The toads (and some frog friends) spend the winter hibernating deep in the ground in the 340 acres of protected woods belonging to the Schuylkill Center, and adjacent land. Then, when the weather warms up in March, the toads wake up, dig their way out, and hop en mass to the abandoned reservoir, where they mate and lay their eggs before returning to the woods. (Go to help out yourself, and on a busy night, there are so many marching toads that the woods rustle.)

 

Their eggs hatch and their tadpoles grow. Then, in May or June, the second wave of the migration starts when the tiny toadlets (who could fit on your little fingernail) come out of the water, cross the road, and start life in the woods.

 

The toads do what they’re meant to: get to water to reproduce. They don’t realize a busy human roadway lies between them and their destination. There are plenty of reasons we should lend a hand. For many toad helpers, it’s hard not to love the determined little animals in their pebbled brown skins for their own sake, but they’re also an important part of the local ecosystem (one thing humans can be grateful for is the toads’ appetite for mosquitos). And as an expert at the Philadelphia Zoo told me last year in this story on animal conservation for Keystone Edge, amphibians perform a function that no other animal does. Their unique life cycle passes important nutrients between land and water ecosystems that could not arrive any other way.

 

During the two migrations, Toad Detour volunteers of all ages don reflective vests and set up signs and road barricades. Without handling the toads unnecessarily, their goal is to redirect cars between the high-traffic hours of 7 – 9pm, which is also when the toads like to move.

 

These citizen scientists carry clipboards to count the toads they spot, letting the Schuylkill Center track data year to year. It’s not an easy job, because damp weather is the toads’ favorite.  As long as there’s no lightning, volunteers work through the spring rain. The Schuylkill Center has an easy online portal to sign up, and volunteer organizers lead each evening’s detour (the Center is especially looking for volunteers able to fill this leadership role). The toads don’t move every night.
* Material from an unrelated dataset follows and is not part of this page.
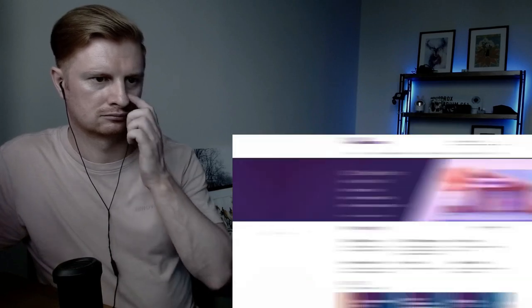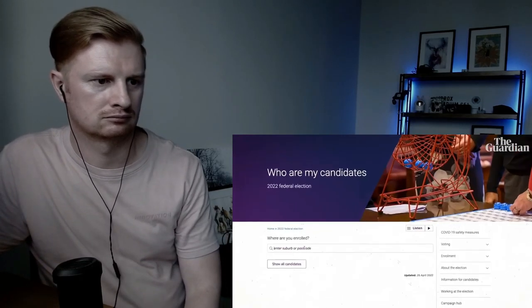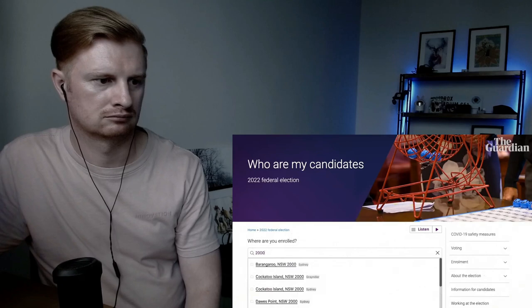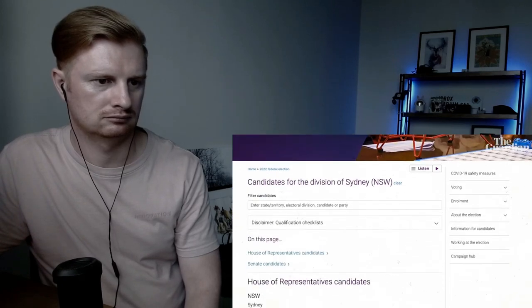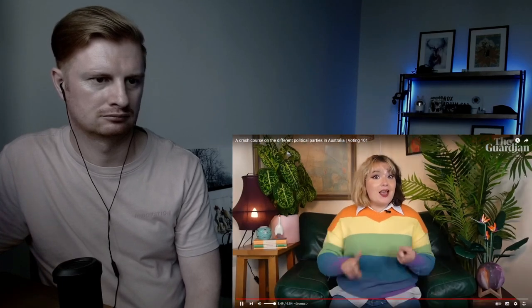This is barely scraping the surface of what all these parties stand for. But good news — you still have a bit of time to figure out where you want your preferences to go. There are heaps of resources online that can help you figure out which parties most align with your values. Even just going on the AEC website to see what candidates will be on your ballot and giving their names a bit of a Google is a really good place to start. It also means you'll probably be more prepared than 90% of the other people who rock up on polling day.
Sometimes it’s too dry, or too cold. Volunteers wait and watch the weather before coming out.

 

Now that the Toad Detour is celebrating its 10th anniversary year, “We can document that we’ve crossed at least 12,000 adult toads,” Morgan says. The numbers vary by year. 2014 set the record, with 2,400 adult toads counted; last year, there were 700 (though Morgan notes that these are only the toads counted between 7 – 9pm; others may cross later after traffic dies down and the volunteers go home).

 

“And who knows how many toadlets,” Morgan adds. “They’re impossible to count.” Given that each female toad lays between 4,000 and 20,000 eggs, the babies could number in the millions.  

 

Girl Scout patch
Girl Scout patch

Last year, the Schuylkill Center launched a special program for local girl scouts, who attended a training session and then volunteered on three nights to earn a Toad Detour badge. That program continues this year, with training slated for April 17. Older kids help out too, with several Philly-area high schools volunteering for their community service.

And the drivers who have to go around for the sake of the toads? Some get annoyed, but as the years pass and awareness increases, locals adjust.

 

 

“In the last few years, there have been fewer angry people,” Morgan says. Instead of being angry at the barricade, people say, “‘Oh great, are the toads moving?’ And they go around the block.”